Estos cuatro futbolistas se enfrentarán este fin de semana al Victoria, una entidad a la que le guardan un especial cariño, en un partido trascendental en las aspiraciones de ascenso del Atlético Arteixo.


No será un partido más para ninguno de los cuatro pero sobre todo para Taibo, que militó en el Victoria desde los cinco años hasta su primera año como sénior en Primera Regional. El ariete incluso regresó al equipo coruñés en la campaña 2018/19 para buscar el ansiado ascenso a Preferente.


Por lo tanto, no sorprende a nadie cuando Taibo se refiere a su antiguo club en estos términos: “Es mi casa, mi familia y donde he madurado como persona y jugador. Por y para siempre cebra”, afirma.


Su compañero Sergito también tuvo una larga relación con el Victoria. Desde la etapa de iniciación hasta la categoría cadete con un breve regreso cuando era juvenil de segundo año a las órdenes de Diego Armando García, actual técnico del primer equipo del Victoria.


“Es donde empecé a disfrutar del fútbol, a tener amigos, a todo. Fue mi familia desde niño”, comenta el centrocampista.

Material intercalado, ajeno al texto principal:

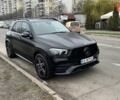 Чорний Мерседес ГЛЕ-Клас, об'ємом двигуна 2.93 л та пробігом 89 тис. км за 78000 $, фото 1 на Automoto.ua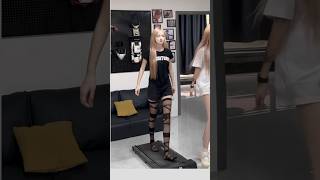 Beautiful  Girl Angry With Cool Outfits #douyin #tiktok #haochhea #shorts #fashion #outfit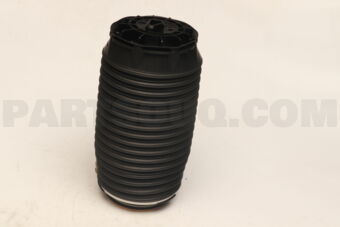 553503T500 SPRING ASSY-AIR, RR LH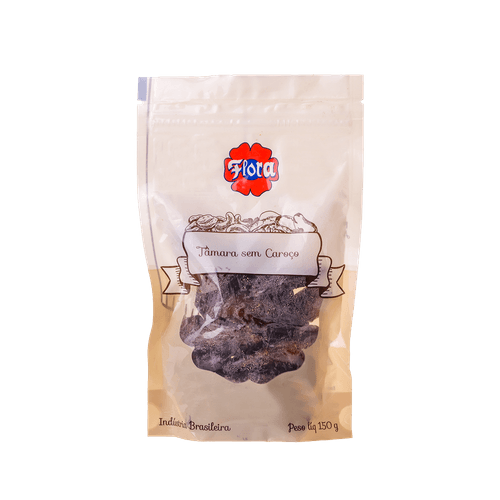 Tamara Seca Sem Caroco Flora 150g
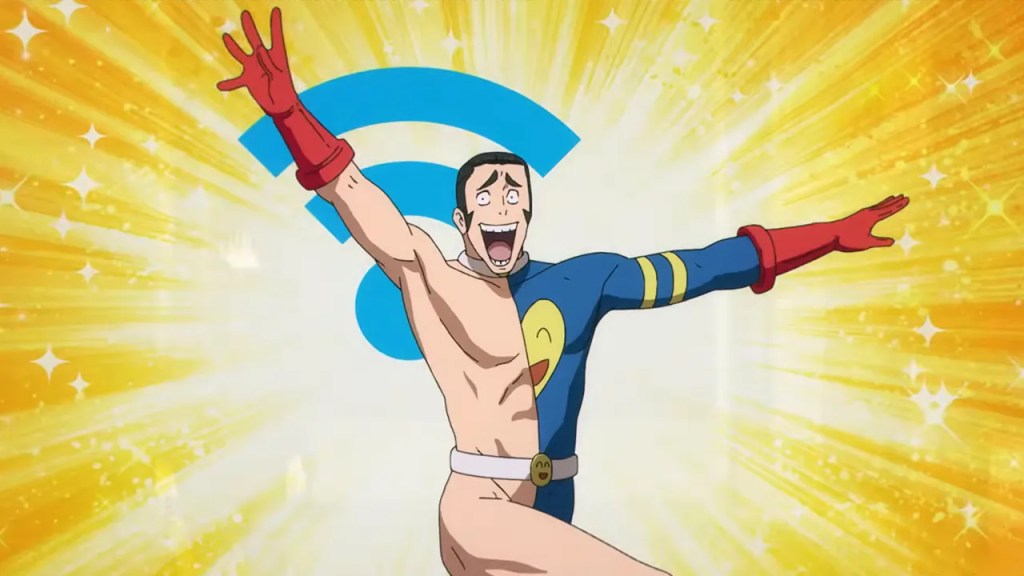 JJK Sorcerers Culling Game Fumihiko Takaba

Más cortas pero igual de intensas fueron las estancias en el Victoria de Javi Angeriz y Álex Sánchez. El central fue una ‘cebra’ durante cuatro campañas, dos como infantil y dos como cadete, mientras que el mediocentro pasó tres años en el club en las categorías prebenjamín y benjamín. En su momento, ambos cambiaron el Victoria por el Deportivo pero en la actualidad siguen recordando con cariño su paso por el equipo blanquinegro.


“Lo recuerdo como mi familia, un club humilde y con ganas de crecer como se ve en la actualidad. Era un club serio y familiar. Un ejemplo en la ciudad”, recalca Angeriz.


Por su parte, Sánchez considera que el Victoria significa para él “un cúmulo de experiencias muy positivas y grandes recuerdos que influyeron en mí”, además de destacar la figura de los entrenadores Iván Barros y Pachi Fernández.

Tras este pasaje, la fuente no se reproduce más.